Mrs. Hillestad has planned a dinner for 15 people this Thanksgiving. She bought 22.5 lbs of turkey, plus potatoes, cranberry salad, rolls and all of the traditional holiday food. Unfortunately, her daughter forgot to tell her that she was bringing three of her friends. If Mrs. Hillestad wants to feed each person the same amount of turkey that she had originally planned, how much additional turkey must she purchase to accommodate these additional guests? Express your answer as a decimal to the nearest tenth.
First, we need to determine how much turkey Mrs. Hillestad wanted to give each person. We divide 22.5 lbs ÷ 15 people and see that she planned to serve each person 1.5 lbs of turkey. Now we multiply the per person amount of turkey by the number of additional people that showed up. It follows, then, that Mrs. Hillestad will need to purchase an additional 1.5 × 3 = 4.5 lbs of turkey.
Mrs. Hillestad realizes that she doesn’t have the time to go to the store AND make the extra turkey. So, she decides not to purchase additional turkey. Since the 22.5 lbs of turkey that Mrs. Hillestad already purchased must now be equally divided among 18 people, by what percent is each person’s intended serving of turkey reduced?

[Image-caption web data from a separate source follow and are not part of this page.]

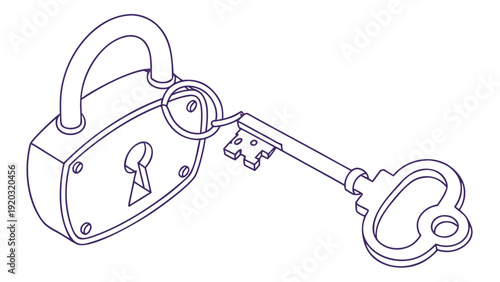 Key unlocking padlock symbolizing freedom and security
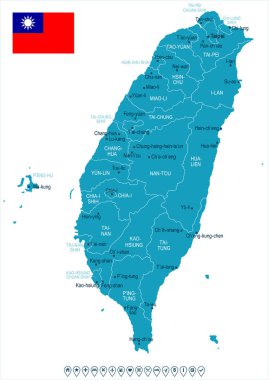 Tayvan - harita ve bayrak - detaylı vektör çizim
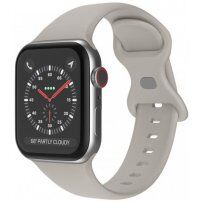 Silikonový řemínek s motýlkovou přezkou pro Apple Watch 42mm / 41mm / 40mm / 38mm - kamenně šedý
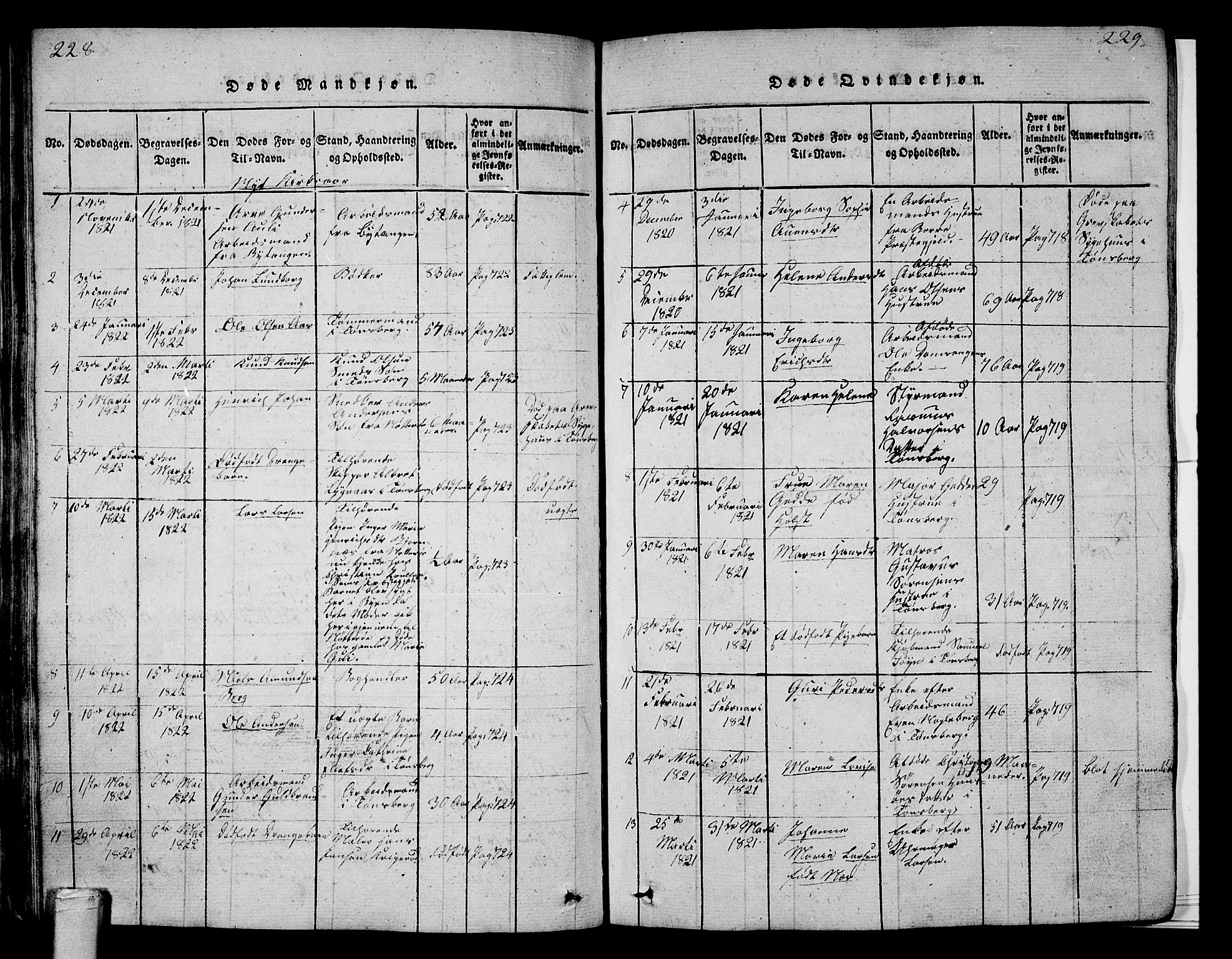 Tønsberg kirkebøker, AV/SAKO-A-330/G/Ga/L0001: Klokkerbok nr. 1, 1813-1826, s. 228-229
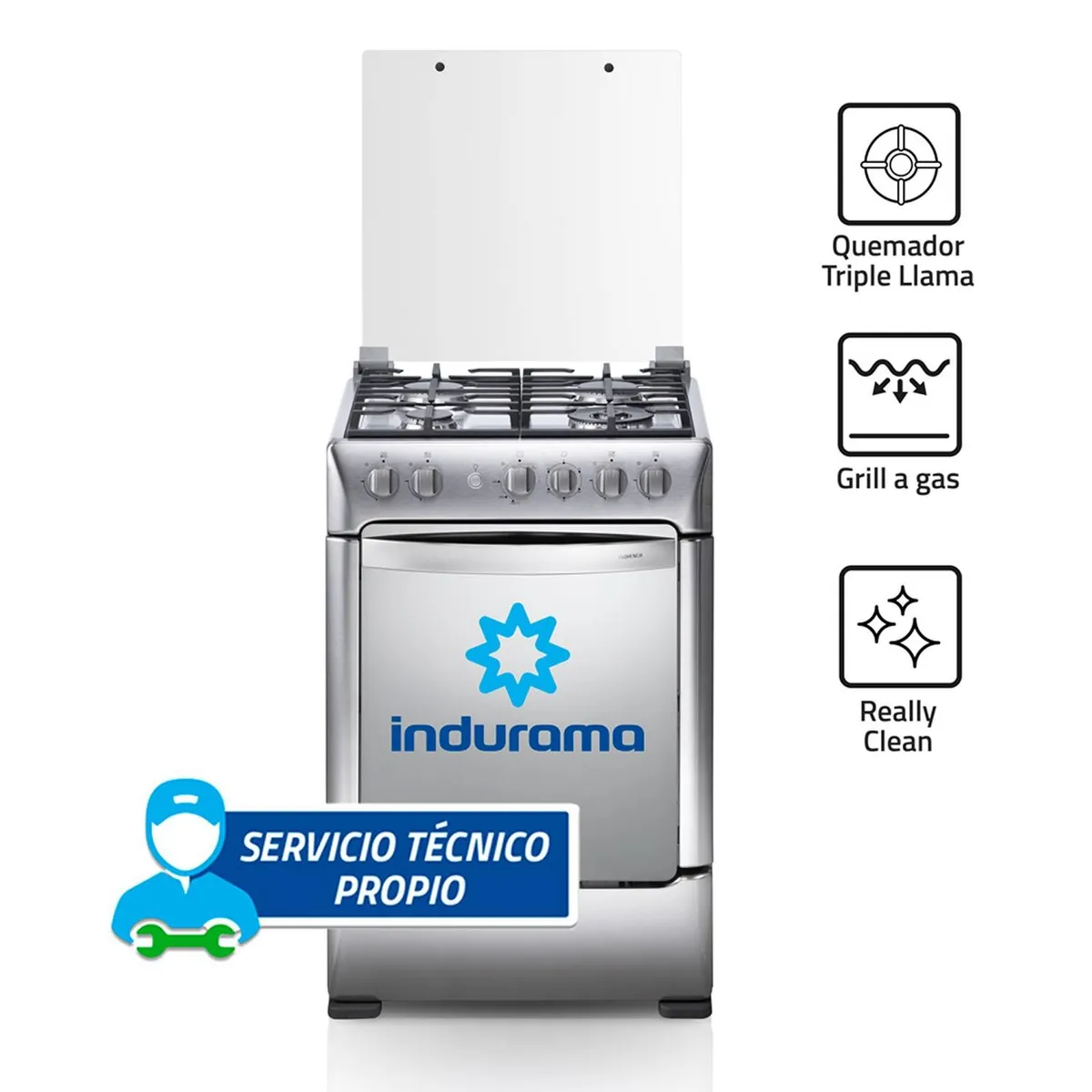 INDURAMA - Cocina Indurama a Gas de 4 Hornillas Florencia Zafiro Croma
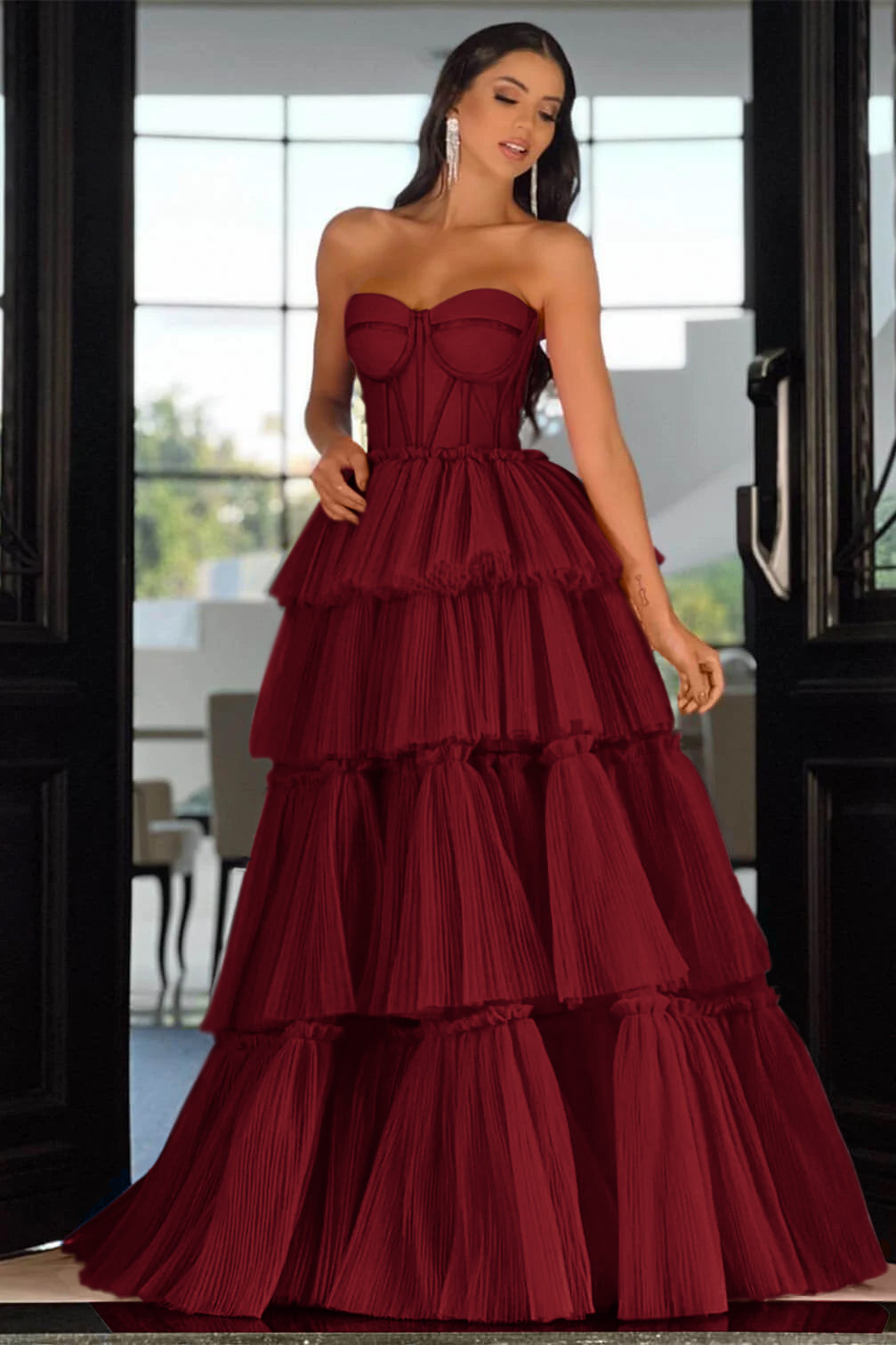 Pink Tiered Prom Dress Sleeveless Sweetheart Evening Dress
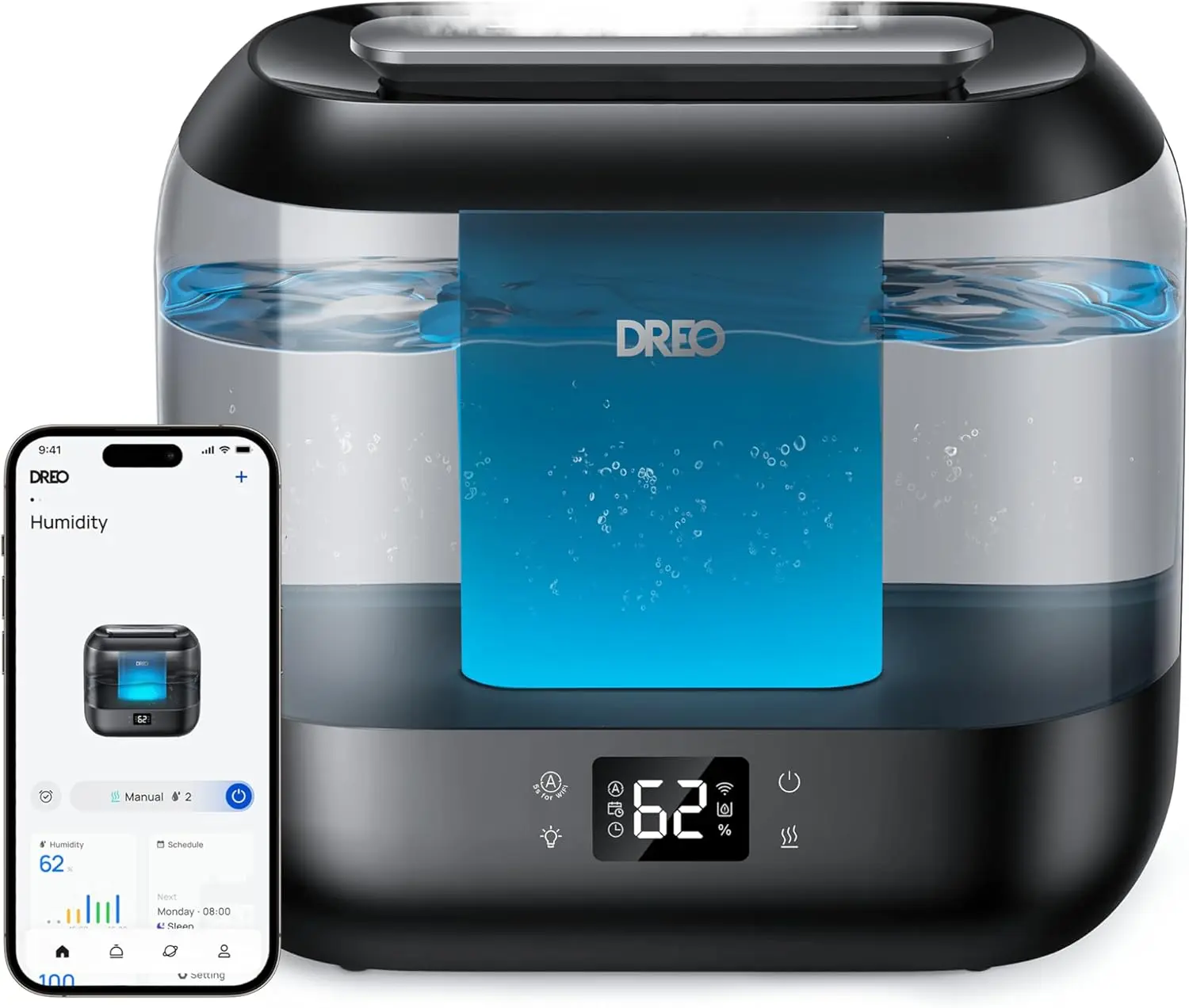 

Умный увлажнитель воздуха Smart 4L с верхней заливкой для больших помещений, 36 часов работы, 28 дБ (бесшумный), управление голосом/через приложение, с ночником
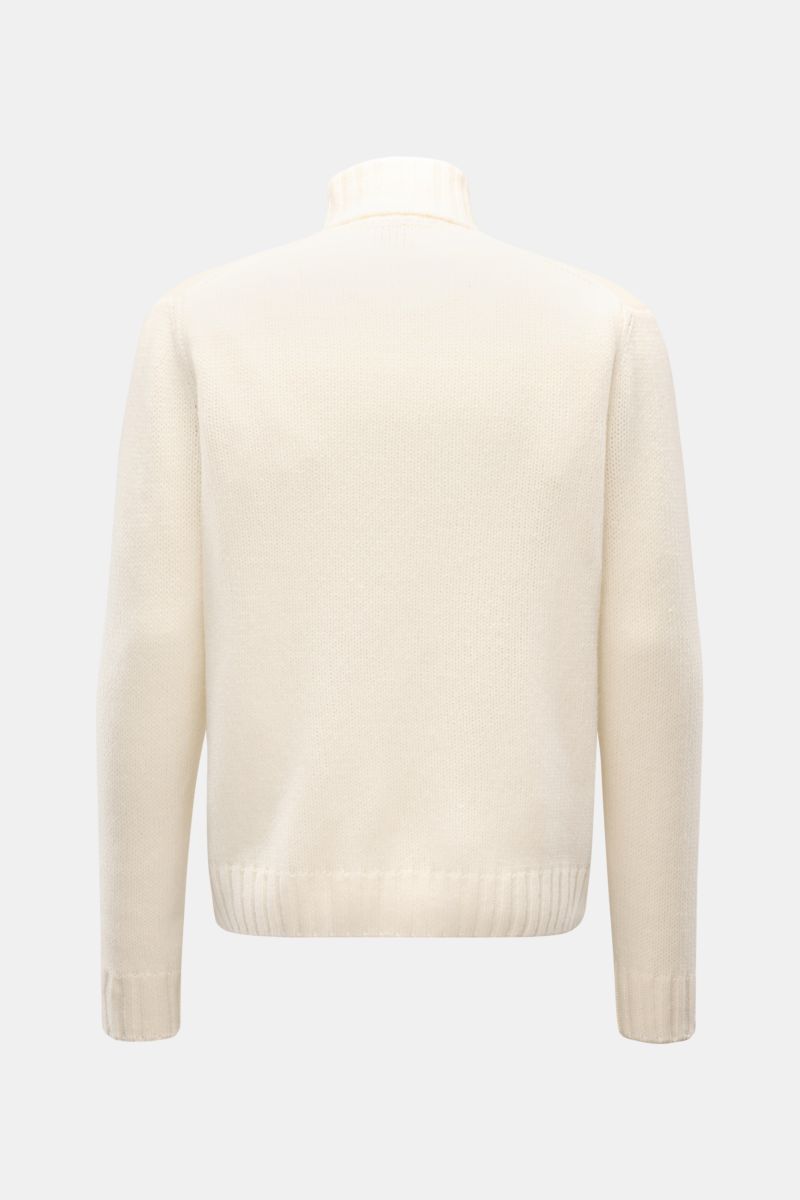 04651/ A trip in a bag Cashmere Rollkragenpullover creme, Rückansicht, oversized Fit, grobes Strickbild, reiner Cashmere, weicher Griff, Rippbündchen, Rollkragen.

In the previous problem, we determined that the intended serving size was 1.5 lbs per person. Now we need to determine the new serving size when the 22.5 lbs of turkey is equally divided among 18 people. Dividing, we see that each person will get 22.5 lbs ÷ 18 people = 1.25 lbs of turkey. Next, we’ll determine the actual amount of turkey that each person’s serving was reduced by. Subtracting, we see that each person’s serving was reduced by 1.5 – 1.25 = 0.25 lbs of turkey. Finally, we divide the amount by which each person’s serving was reduced by the amount Mrs. Hillestad originally intended to serve each person and then multiply by 100 to find the percent of decrease. Doing so, we see that each person’s intended serving of turkey was reduced by (0.25 ÷ 1.5) × 100 = 16.66%.
At dinner time the eight adults sit at a large round table, and the ten kids sit at the “kiddie” table. Mr. And Mrs. Hillestad will sit next to each other in designated seats, as shown, but the rest of the adults can be seated randomly around the table. How many different seating arrangements are possible?
Since Mr. and Mrs. H. will sit next to each other in designated seats, we are really just concerned about the other six seats. To figure this out we will use a factorial (for the first seat there are 6 potential people who could be seated, for the second seat there are 5 people left to be seated, etc.). Therefore, there are 6! = 6 × 5 × 4 × 3 × 2 × 1 = 720 possible seating arrangements.